Master your craft: How to manage your bookings, Part I: The booking form

By Andile Nkosi
So your single is finally being played by the national radio station, your music video is on Channel O’s crispy fresh, and the LIKES to your Facebook fan page have grown from a few hundreds to thousands overnight. Suddenly you receive a call, “We want you perform in our gig next week at Club So & So”. You are excited, it’s your first paying gig but what response do you give to the caller? How much do you charge? What do you need to accept the offer? How do you keep the person on the line interested in you as a performer and still gain financially from the relationship. The answer lies in preparation.  

Zakes Bantwini performing in Nelspruit. (Picture: Lucky Nxumalo)


As a performing artist you need to have 5 documents at your immediate disposal.  These are:
1.     Your booking form
2.     Your performance contract
3.     Your rate card

4.     Your technical raider
5.     Your quotation/invoice template

This article refers to number one in the list, the booking form.  A booking form is a standard document that helps you gather the information you require in order to quote the promoter correctly. It also serves as proof of how in demand you are as a performer. You can easily set up a template on a spreadsheet and send it to whoever is interested in booking you (client).

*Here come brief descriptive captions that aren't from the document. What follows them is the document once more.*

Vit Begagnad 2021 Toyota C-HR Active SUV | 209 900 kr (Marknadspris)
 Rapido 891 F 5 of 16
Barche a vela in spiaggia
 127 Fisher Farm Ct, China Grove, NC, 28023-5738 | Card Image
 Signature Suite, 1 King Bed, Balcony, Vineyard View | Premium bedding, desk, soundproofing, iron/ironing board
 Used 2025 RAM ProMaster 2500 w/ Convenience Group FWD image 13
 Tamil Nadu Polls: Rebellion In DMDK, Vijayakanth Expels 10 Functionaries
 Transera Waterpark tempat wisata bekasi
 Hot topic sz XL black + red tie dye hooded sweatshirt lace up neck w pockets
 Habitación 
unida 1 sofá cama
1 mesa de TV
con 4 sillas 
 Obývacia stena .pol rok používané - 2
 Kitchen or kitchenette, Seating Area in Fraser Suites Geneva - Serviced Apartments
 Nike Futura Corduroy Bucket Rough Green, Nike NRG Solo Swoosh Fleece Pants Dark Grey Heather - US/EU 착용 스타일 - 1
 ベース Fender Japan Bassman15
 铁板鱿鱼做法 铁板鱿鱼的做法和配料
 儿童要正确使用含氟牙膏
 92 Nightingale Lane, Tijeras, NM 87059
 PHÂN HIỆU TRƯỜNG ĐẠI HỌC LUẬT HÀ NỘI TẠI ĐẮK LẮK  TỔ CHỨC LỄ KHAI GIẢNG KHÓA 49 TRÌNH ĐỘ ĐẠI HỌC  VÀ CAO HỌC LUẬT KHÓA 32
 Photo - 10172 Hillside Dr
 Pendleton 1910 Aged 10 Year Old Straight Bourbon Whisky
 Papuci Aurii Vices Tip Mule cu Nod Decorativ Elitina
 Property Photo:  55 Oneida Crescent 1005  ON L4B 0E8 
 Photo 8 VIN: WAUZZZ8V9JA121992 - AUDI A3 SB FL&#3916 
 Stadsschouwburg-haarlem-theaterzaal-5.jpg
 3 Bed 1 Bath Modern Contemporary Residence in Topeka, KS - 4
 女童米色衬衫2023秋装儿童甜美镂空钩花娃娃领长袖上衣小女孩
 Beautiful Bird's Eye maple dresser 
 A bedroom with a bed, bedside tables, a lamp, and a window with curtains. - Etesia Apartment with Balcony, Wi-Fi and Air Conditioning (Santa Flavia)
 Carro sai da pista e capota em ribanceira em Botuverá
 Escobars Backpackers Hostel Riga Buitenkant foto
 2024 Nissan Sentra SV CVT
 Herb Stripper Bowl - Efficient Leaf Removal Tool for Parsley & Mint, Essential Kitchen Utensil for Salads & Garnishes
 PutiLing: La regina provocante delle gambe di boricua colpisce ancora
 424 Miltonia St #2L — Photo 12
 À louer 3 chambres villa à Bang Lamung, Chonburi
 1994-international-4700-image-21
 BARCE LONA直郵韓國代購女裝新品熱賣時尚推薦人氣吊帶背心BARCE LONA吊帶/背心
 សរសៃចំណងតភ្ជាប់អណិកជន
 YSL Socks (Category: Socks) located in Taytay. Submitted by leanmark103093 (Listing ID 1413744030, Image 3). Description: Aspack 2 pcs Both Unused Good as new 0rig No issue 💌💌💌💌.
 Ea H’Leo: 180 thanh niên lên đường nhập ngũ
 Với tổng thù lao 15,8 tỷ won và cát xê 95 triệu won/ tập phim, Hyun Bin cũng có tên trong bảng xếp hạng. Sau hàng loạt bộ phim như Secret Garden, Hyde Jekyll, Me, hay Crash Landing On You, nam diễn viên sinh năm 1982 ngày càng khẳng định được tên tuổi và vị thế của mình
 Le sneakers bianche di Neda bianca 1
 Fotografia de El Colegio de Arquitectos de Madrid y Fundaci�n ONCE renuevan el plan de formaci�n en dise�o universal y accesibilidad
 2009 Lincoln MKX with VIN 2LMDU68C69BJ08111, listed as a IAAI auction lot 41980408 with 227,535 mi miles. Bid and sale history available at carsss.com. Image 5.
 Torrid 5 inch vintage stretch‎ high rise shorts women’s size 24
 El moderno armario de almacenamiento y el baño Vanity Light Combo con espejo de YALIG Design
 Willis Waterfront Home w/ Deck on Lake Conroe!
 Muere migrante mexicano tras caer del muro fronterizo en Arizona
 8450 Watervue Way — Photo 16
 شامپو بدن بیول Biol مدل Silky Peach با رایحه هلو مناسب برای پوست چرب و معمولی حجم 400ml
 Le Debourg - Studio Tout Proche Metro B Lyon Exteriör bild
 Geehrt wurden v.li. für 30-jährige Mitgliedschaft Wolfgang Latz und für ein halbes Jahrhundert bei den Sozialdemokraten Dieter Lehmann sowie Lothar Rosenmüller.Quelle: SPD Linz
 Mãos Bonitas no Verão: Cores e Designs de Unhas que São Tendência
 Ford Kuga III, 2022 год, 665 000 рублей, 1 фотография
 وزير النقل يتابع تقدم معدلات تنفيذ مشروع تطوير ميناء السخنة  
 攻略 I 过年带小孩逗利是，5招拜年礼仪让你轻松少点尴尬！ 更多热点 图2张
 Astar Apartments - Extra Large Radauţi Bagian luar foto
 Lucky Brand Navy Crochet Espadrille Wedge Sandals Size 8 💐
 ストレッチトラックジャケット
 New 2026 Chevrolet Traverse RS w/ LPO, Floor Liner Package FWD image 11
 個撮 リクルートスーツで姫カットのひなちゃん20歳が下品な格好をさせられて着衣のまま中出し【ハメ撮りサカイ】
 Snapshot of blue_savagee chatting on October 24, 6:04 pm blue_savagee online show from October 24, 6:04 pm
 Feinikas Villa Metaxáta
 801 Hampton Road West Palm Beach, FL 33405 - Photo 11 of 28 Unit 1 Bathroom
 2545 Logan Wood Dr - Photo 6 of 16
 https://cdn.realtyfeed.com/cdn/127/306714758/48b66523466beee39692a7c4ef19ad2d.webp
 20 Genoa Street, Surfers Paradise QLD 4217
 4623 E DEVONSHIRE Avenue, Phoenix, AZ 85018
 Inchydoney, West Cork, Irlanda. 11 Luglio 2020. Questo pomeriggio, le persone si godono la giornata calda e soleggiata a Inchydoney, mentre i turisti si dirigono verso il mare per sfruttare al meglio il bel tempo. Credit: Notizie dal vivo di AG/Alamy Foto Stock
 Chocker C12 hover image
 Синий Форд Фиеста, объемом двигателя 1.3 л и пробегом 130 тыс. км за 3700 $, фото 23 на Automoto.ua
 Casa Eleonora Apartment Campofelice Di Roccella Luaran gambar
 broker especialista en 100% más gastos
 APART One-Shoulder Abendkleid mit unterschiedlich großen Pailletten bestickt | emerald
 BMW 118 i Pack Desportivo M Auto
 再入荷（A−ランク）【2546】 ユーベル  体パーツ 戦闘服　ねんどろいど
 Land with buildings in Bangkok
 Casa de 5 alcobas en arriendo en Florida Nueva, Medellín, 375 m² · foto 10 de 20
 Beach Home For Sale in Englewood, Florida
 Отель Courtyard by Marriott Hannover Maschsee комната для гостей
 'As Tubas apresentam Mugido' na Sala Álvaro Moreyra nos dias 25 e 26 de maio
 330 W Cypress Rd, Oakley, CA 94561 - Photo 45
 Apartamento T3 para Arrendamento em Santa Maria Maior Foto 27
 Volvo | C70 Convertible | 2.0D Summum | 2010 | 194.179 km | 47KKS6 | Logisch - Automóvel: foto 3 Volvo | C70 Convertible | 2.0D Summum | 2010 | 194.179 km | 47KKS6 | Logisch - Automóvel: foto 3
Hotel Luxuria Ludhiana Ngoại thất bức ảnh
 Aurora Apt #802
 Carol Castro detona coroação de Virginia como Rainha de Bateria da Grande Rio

The client should complete the date of the event; the client details (name, name of company, contact details, physical and billing address, email address, tax number etc.); type of function (Gala event, picnic, church service, club, etc.); whether its indoors or outdoors; other performers in that event; total number of guests expected; entrance fee to event; time of performance; duration of performance; and sound check time. Some performers also prefer knowing beforehand which company will provide the sound hire and lighting. It is also a good idea to give room for the promoter to offer you an amount to negotiate over.

Based on how far the event is from you, you can start making decisions around how much you will spend on travelling & accommodation. Based on the cover fee and the number of people expected you gain sight of how much you can charge as well. Remember not to over-price yourself bearing in mind its better to have many gigs at a lower rate than no gigs at all. And respond to the promoter as quickly as you can before they get someone else.

Remember, your form should be no longer than a page in length, should be legible and should look professional. The promoter should see your professionalism as a performer in your form. 

Make yours today, start using it and remember to feedback and tell me how it worked for you.